Danach schlagen wir die Ränder. In diesen Öffnungen verbinden wir später die beiden Wände miteinander. Mit zunehmender Größe des Buches werden mehr Bohrungen und ein größerer Lochabstand möglich. Das Loch sollte ca. 5 cm vom Rücken oder Innenrand des Buches sein. Dann entfernen wir die Buchblätter aus unserer Stanzvorrichtung und vernähen sie durch die Öffnungen.

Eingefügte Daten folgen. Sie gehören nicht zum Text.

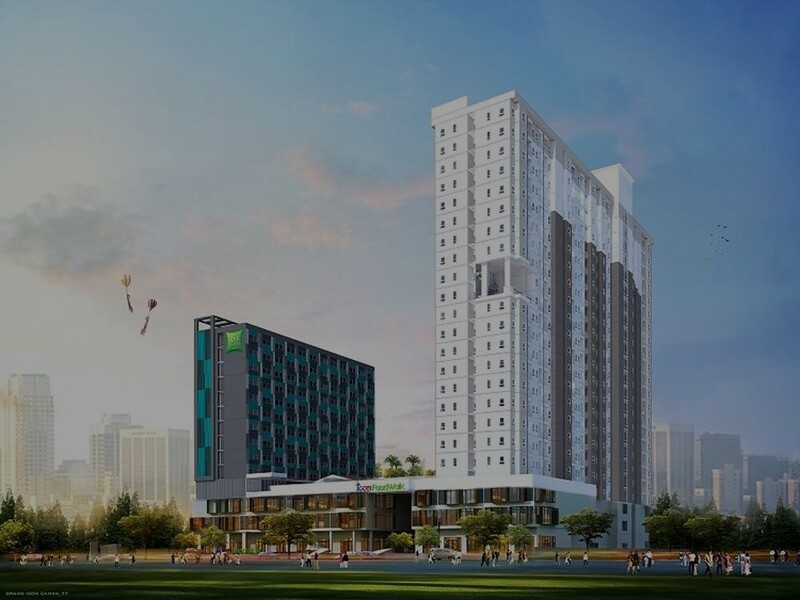 Apartemen Grand Icon Caman - Homecare24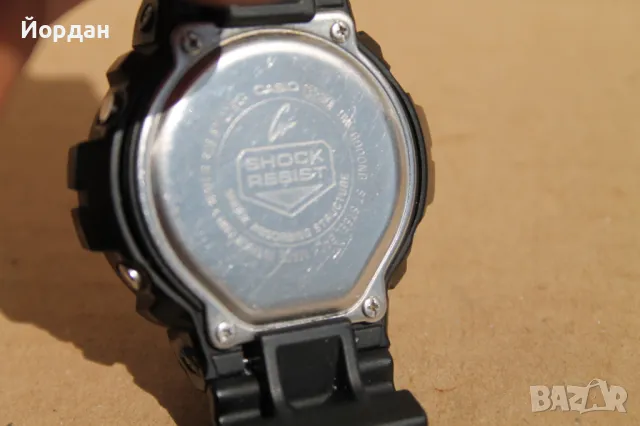 Мъжки часовник ''Casio G-Shock'', снимка 9 - Мъжки - 47282205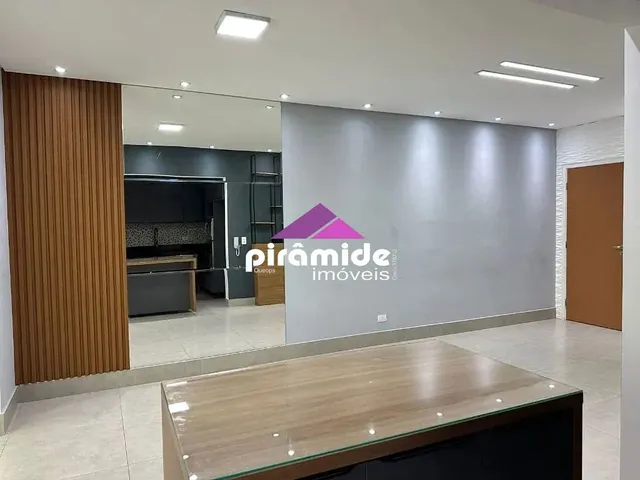 Apartamento com 93m² 3 quartos e 2 banheiros, à venda, no bairro Centro em Jacareí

Wir übersehen die Tatsache, dass die Halshaare des Profibuchbinders durch unsere schlampige Art des Nähens aufstehen. Es wird sowieso mit Karton überzogen. Sie werden an die dafür vorgesehene Stelle geklebt. Den Karton für den Rücken (1) auf den Rücken aufkleben. Dazu werden die Nahtbretter (2) auf die Fugen geklebt. Wir verklebten die großen Kartons (3) mit den hoffentlich leer gebliebenen ersten und letzen Blättern des seitlichen Stapels.

Deshalb sollten Sie nicht flächenbündig verkleben, sondern die Vorsprünge rundum durchhalten. Mit einer sehr schlichten und urigen Ausführung verbindet man die Einzelkartonteile der Bindung hier: robustes Klettband. Nach unserer Überzeugung ist es sehr hilfreich, etwas Stables für die Ränder zu wählen, damit Ihr Fotobuch dort nicht zerbricht. Wir sind mit diesem Band auf der sicheren Spur.

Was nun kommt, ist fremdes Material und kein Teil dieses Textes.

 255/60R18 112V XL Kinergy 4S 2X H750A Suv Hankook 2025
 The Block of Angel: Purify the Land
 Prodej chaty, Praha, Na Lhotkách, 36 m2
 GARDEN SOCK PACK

Das Band wird von uns grosszügig verwendet. In den 4 Eckpunkten wird das Band in einem Winkel von 45 zur Abdeckung abgeschnitten, aber etwas in die Eckpunkte des großen Kartonteils gespielt. Danach sägen wir das Band, wo wir das Papier ausbreiten. Das heißt, an der Stelle, an der der Knick zwischen den Falzbrettern (2) und den großen Brettern (3) herzustellen ist.

Nun falten wir das Band ein und verkleben es auf die erste oder letzte Folie (Sie wissen schon: Flyleaves....). Das ist die Art und Weise, wie man durch das ganze Jahr geht. Wir verkürzen das Heftpflaster im Buchrückenbereich, damit wir es auf die Kartonteile für die Schweißnaht und den Rücken aufkleben können. Auf diese 2 Millimeter Kleber haften Sie das Heftpflaster im Rückenbereich des Buches.

Unmittelbar danach halten Sie Ihr fertig gestelltes Exemplar in der Tasche.